Most index funds hold the same securities in the same proportions as a given index in order to replicate the price trend as accurately as possible.
For example, an ETF on the S&P 500 index, or on the NASDAQ-100, has shares that are traded on the stock exchange with a price that is always very similar to that of the indices they use as underlyings.
In some cases, however, the management is active, such as the famous Innovation ETF of ARK, which means that the underlying is modified to generate the highest possible return.
ETFs, functioning and advantages
The way it works is simple: the fund divides the ownership of itself into shares that are held by the shareholders. In this way, the shareholders indirectly own the assets held by the fund, and are also entitled to a share of any profits, such as interest or dividends. The fund’s shares can be sold or bought on the stock exchange.
The advantage is that ETF shares are traded in exactly the same way, and more importantly with the same instruments, as those used to trade the stock markets, making them very easily accessible to millions of investors and speculators. They also offer other technical advantages, such as reduced costs in some cases.
The largest ETF by value under management is the SPDR S&P 500 ETF Trust (SPY), which holds $405 million in assets and trades about $70 million a day.
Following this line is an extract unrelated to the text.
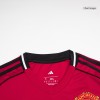 Men's Manchester United Home Jersey Kit 2025/26 Men's Manchester United Home Jersey Kit 2025/26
Among the largest ETF issuers in the world are iShares and Vanguard.
They have existed in the US since the early 1990s and have since achieved increasing success, with trading volumes and assets under management growing. The simplicity they offer to the average investor makes them extremely competitive products, especially in the retail market.
Buying ETFs is similar to buying a basket of securities. But it is now possible to do so with just a couple of clicks, without having to go through some lengthy and complex procedures.
Bitcoin ETFs
For example, the recent success of the Bitcoin futures ETF is most likely due to the ease and speed with which it can be invested in, as opposed to direct investments in BTC which require lengthy registration procedures with exchanges, and active and proper asset management.
With ETFs, these problems are simply eliminated and shifted to the fund manager, allowing everyone to invest quickly and easily in a very wide range of different assets, or baskets of assets.
In the US, until a week ago, there was no ETF on Bitcoin. In the space of a few days, there was the debut of the ProShares one, then the launch of Valkyrie and by Monday VanEck is also expected. This means there will potentially be a lot of competition.
Meanwhile, after Bitcoin set a new all-time high, the price today seems to be struggling. BTC is back down to $63,000. All that remains is to wait for the impact of Valkyrie’s ETF on the market.